--- DATA SECTION ---

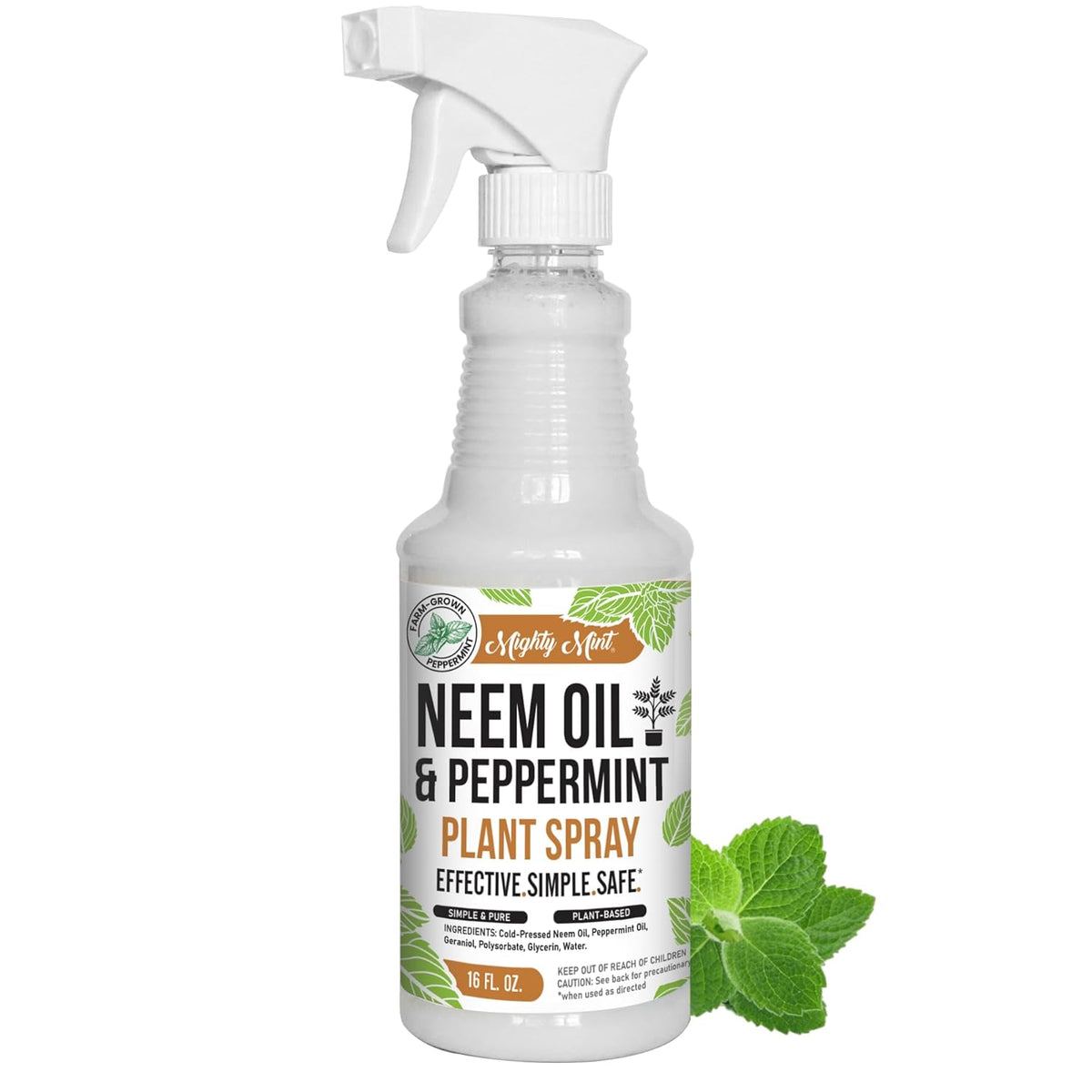 Mighty Mint Neem Oil & Peppermint Plant Nutrient Spray – Natural Leaf Shine for Indoor & Outdoor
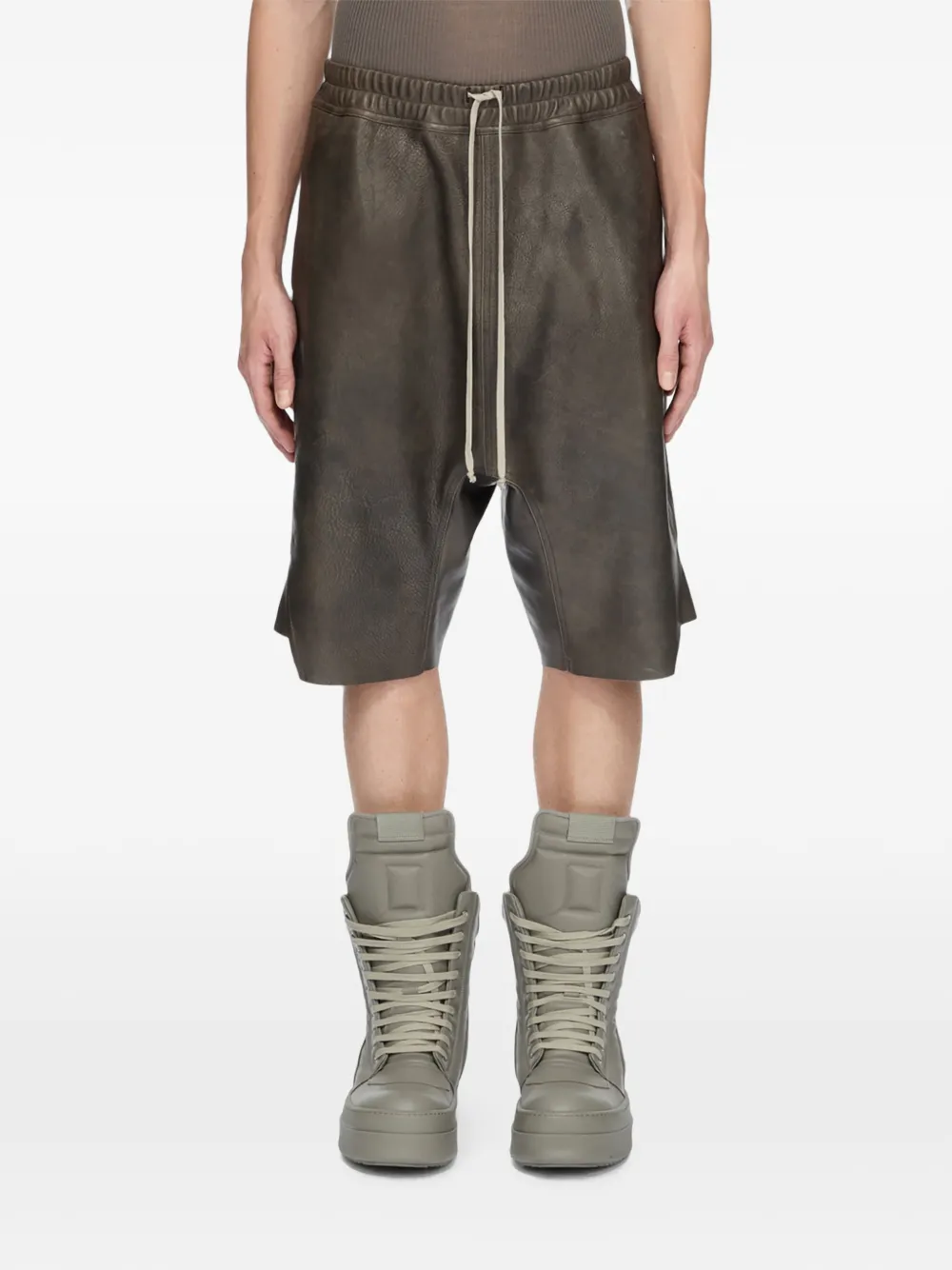 Rick Owens Basket Swingers leather shorts - Nero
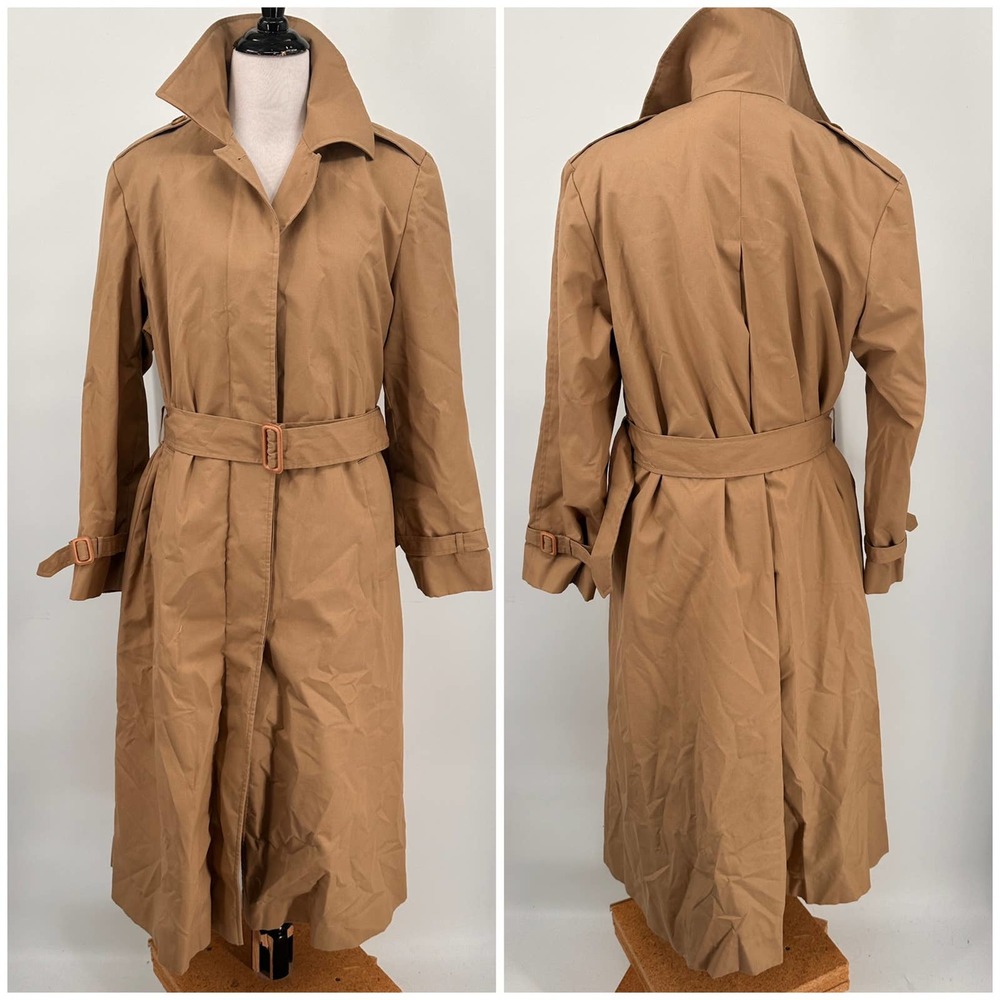 Pendelton Women's Vintage Beige Plaid Lined Trench Coat Size 10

---

WHAT IS NEEDED
Give back every line of the material above word for word, leaving out the pictures.

YOUR SOLUTION
 Mighty Mint Neem Oil & Peppermint Plant Nutrient Spray – Natural Leaf Shine for Indoor & Outdoor
 Rick Owens Basket Swingers leather shorts - Nero
 Pendelton Women's Vintage Beige Plaid Lined Trench Coat Size 10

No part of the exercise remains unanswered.